Expected Council Action
The Council is to hold an open debate on peacekeeping, most likely on 5 August. This responds to the French-British initiative launched in January this year and seems likely to result in a presidential statement and an ongoing programme of work for the next six months.

The Council will be briefed by Under-Secretary-General for Peacekeeping Operations Alain Le Roy and Under-Secretary-General for Field Support Susana Malcorra. They are expected to elaborate on the Secretariat’s recently completed “New Horizon” review of peacekeeping and the Department of Field Support’s (DFS) upcoming Field Support Strategy, which is expected out later this year.

Key Recent Developments
At the time of writing the Council was discussing a draft presidential statement prepared by the UK. The statement seems likely to outline the improved practices the Council has tried to develop at the practical level in the last six months including more regular dialogue with the Secretariat, efforts to deepen consultations with troop and police contributing countries, organisation of political-military meetings, updating of planning documents and the use of benchmarks to chart progress against a comprehensive and integrated strategy in mission mandates.
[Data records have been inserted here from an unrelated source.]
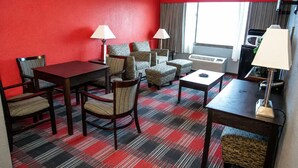 Quarto de hotel com parede vermelha, carpete xadrez, mesa de jantar com cadeiras, conjunto de sofá, duas luminárias e janela com cortinas.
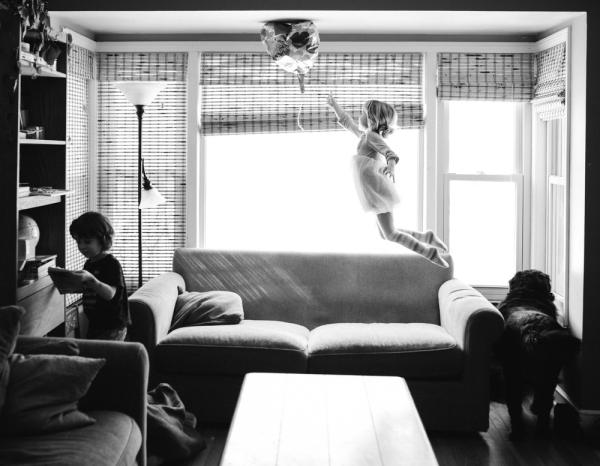 young girl mid-jump off sofa trying to reach a balloon that has floated to the ceiling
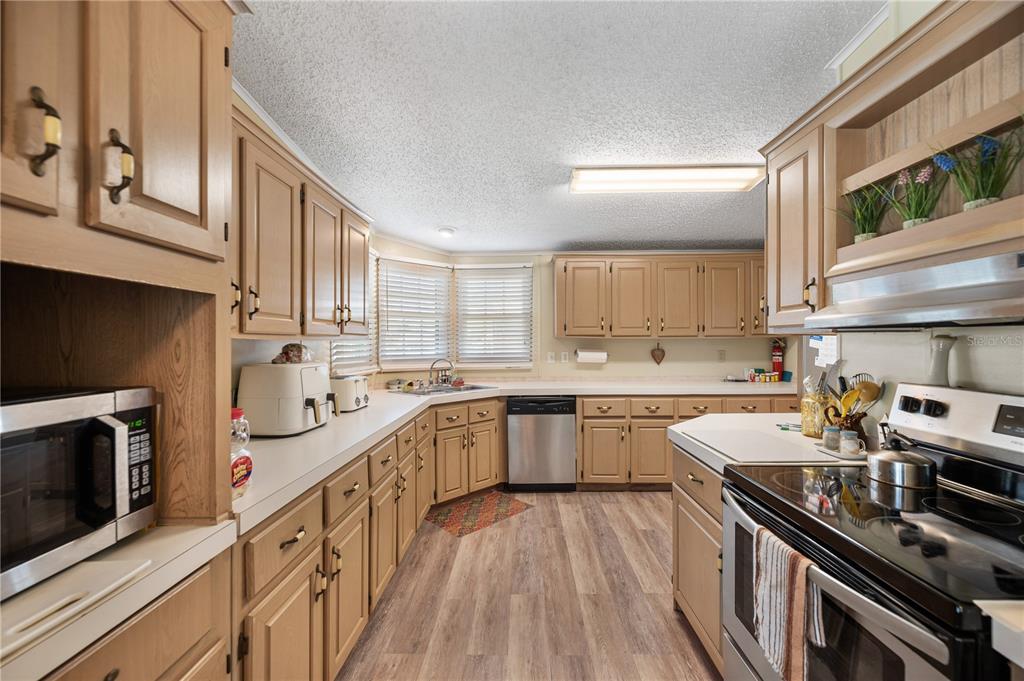 A kitchen with light wood cabinets, stainless steel appliances, and wood-look flooring — 1610 REYNOLDS ROAD UNIT 333, LAKELAND, FL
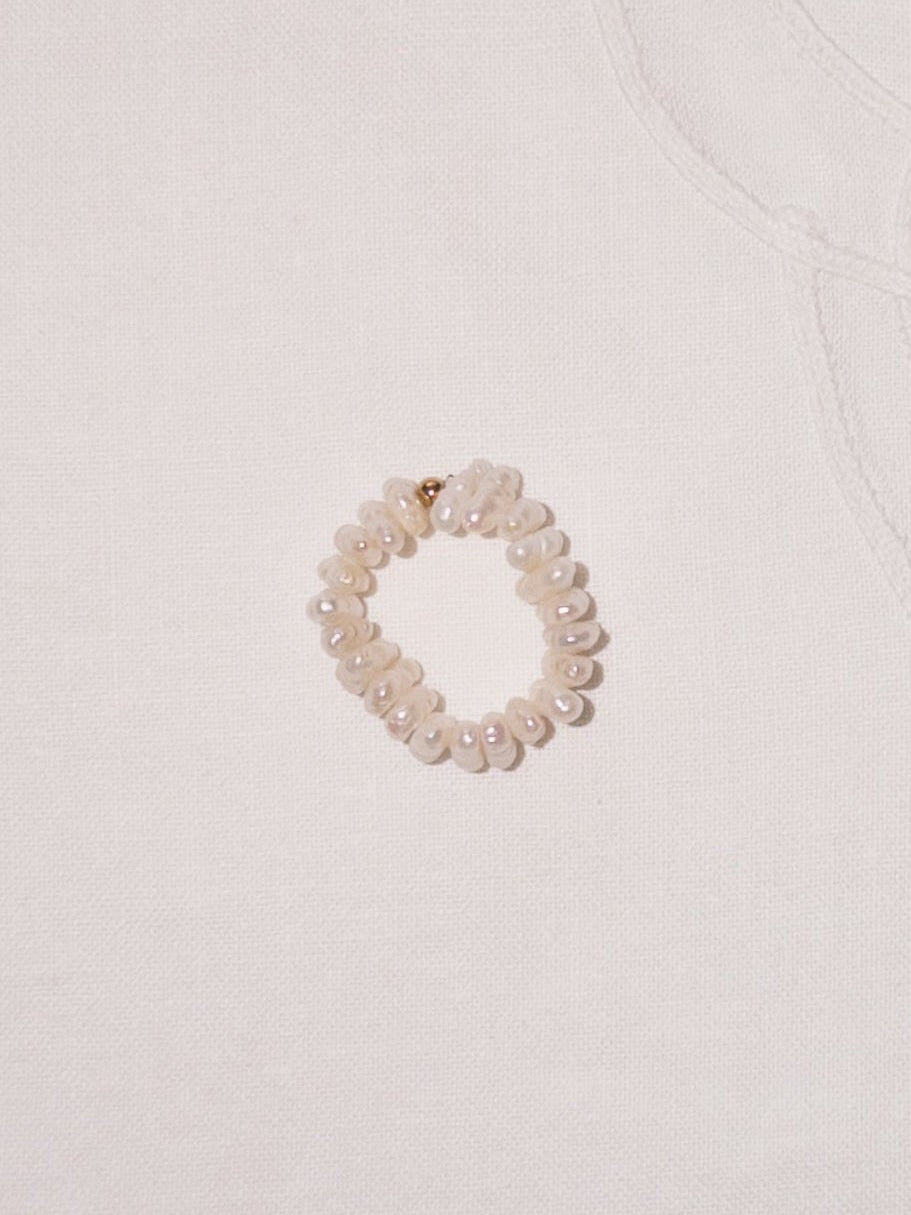 Pearl cross ring flat lay with soft neutral styling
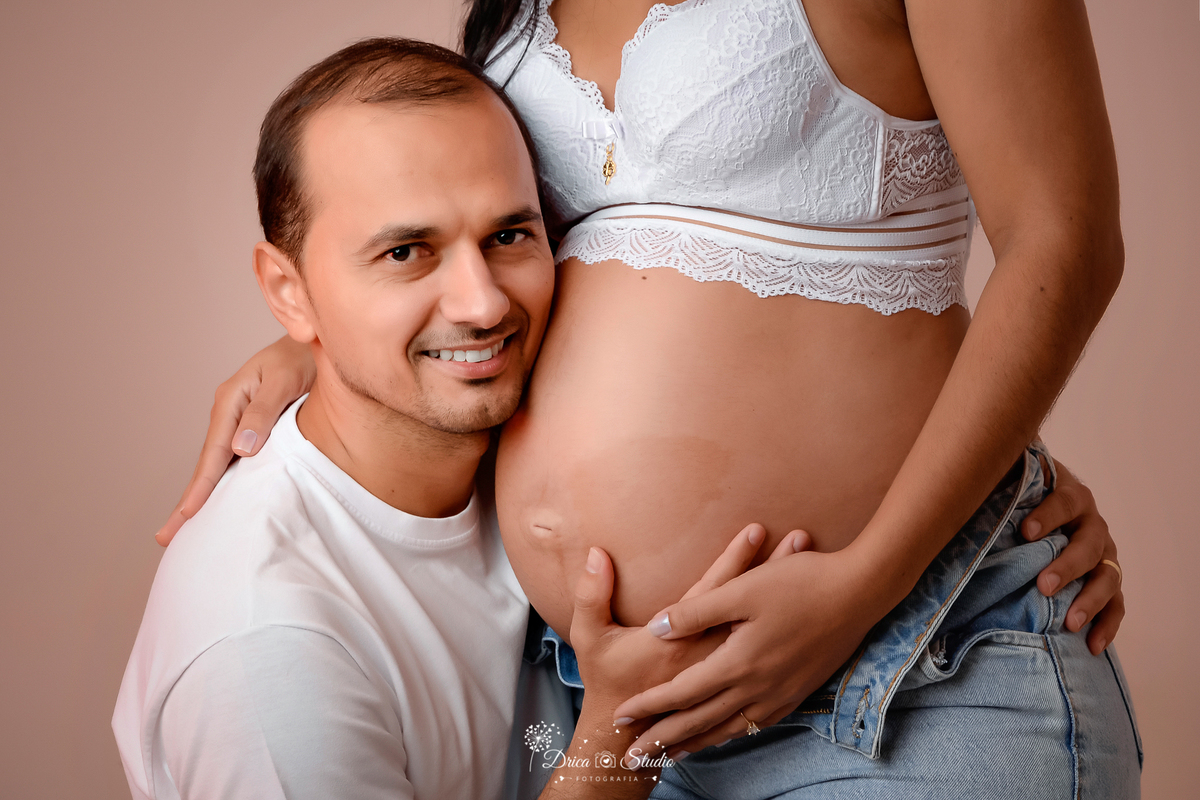 Drica Studio - Drica Studio Fotografias - Drica Studio Xinguara Pará - ensaio de gravida - marido e mulher - roupas composta em tons mais claros - branco - calça jeans - mão na barriga - olhando um para o outro - encostado na barriga 
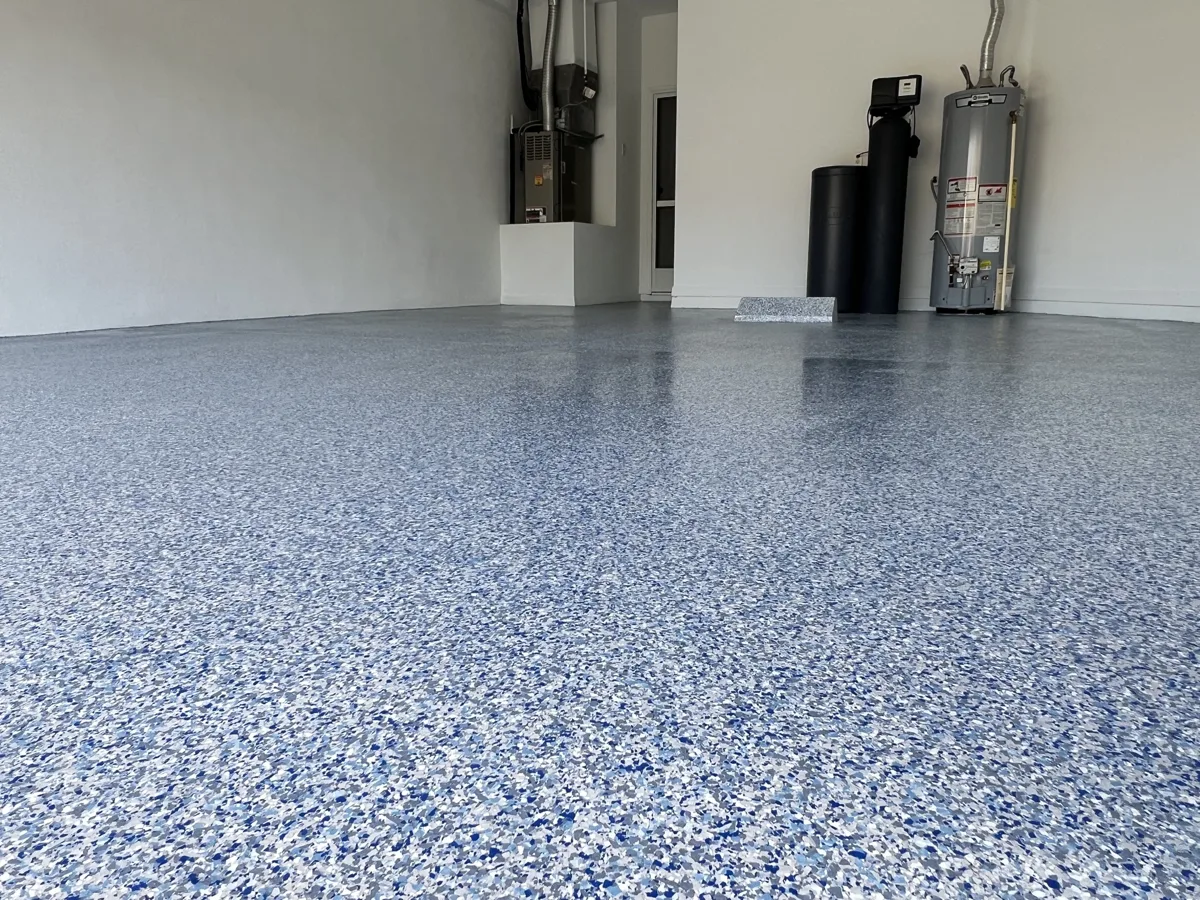 After: the garage with a blue, gray and white full-flake floor coating and freshly painted white walls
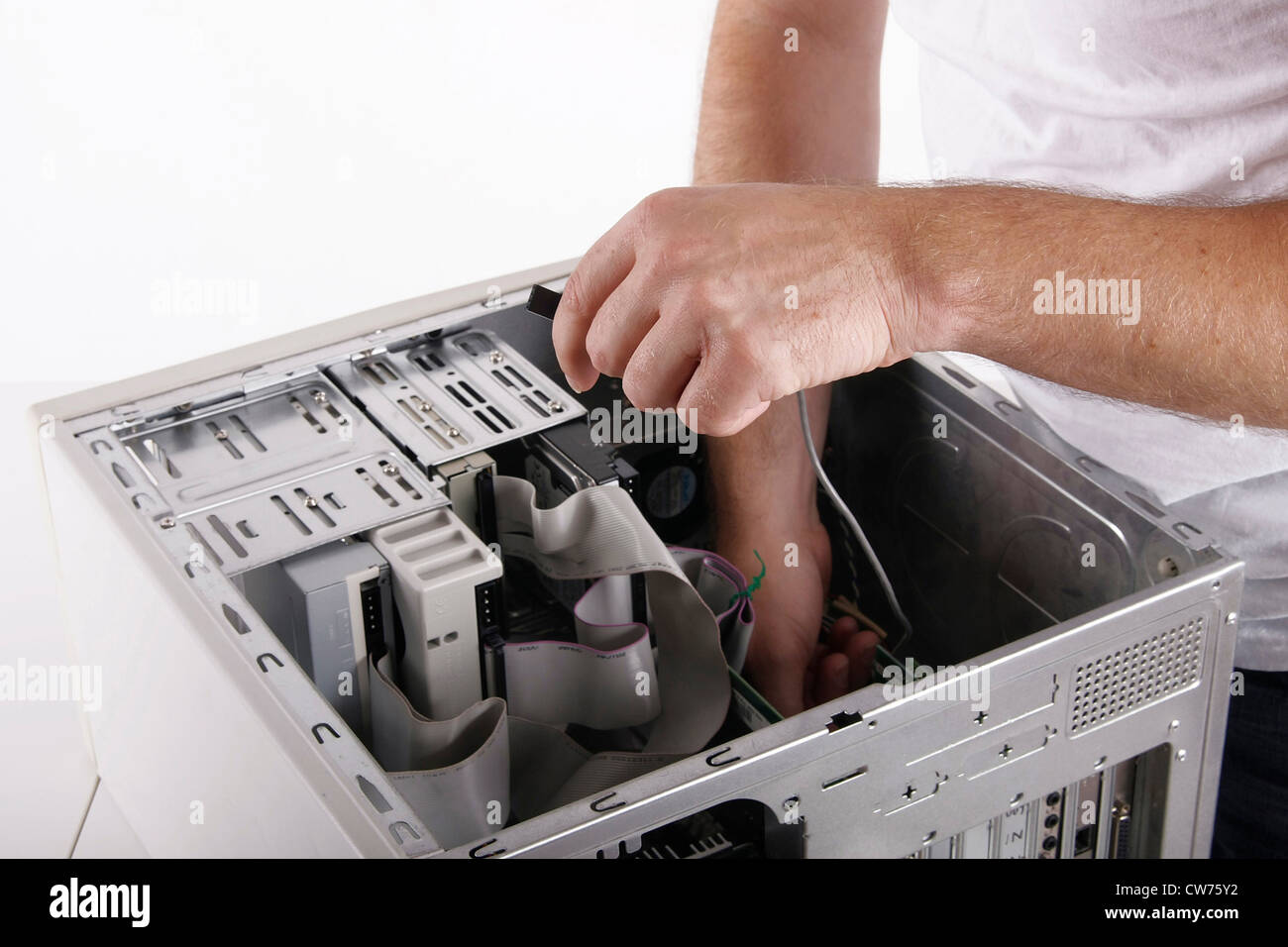 Dman Reparing Computer man reparing a PC Stock Photo - Alamy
It is also likely to identify future areas for work such as how to:

  • ensure credible and achievable mandates;
  • share information better, particularly on military challenges and enhancing its military expertise;
  • engage earlier and more effectively with troop and police contributing countries; and
  • promote greater recognition of resource implications and strategic challenges related to peacekeeping missions.

On 24 July the UK circulated a concept paper for the debate. The paper touched on how the Council has worked to improve the quality of mandating, oversight and evaluation of peacekeeping operations in the first half of the year. It suggested that the debate should chart the way forward and focus on practical recommendations. Among the future areas that could be covered are:

  • ensuring that peacekeeping operations support the political settlement of disputes;
  • developing a consensus on issues in complex missions, including transition from peacekeeping to peacebuilding;
  • what protection of civilians means in practice; and
  • when should the UN take a more robust approach to peacekeeping.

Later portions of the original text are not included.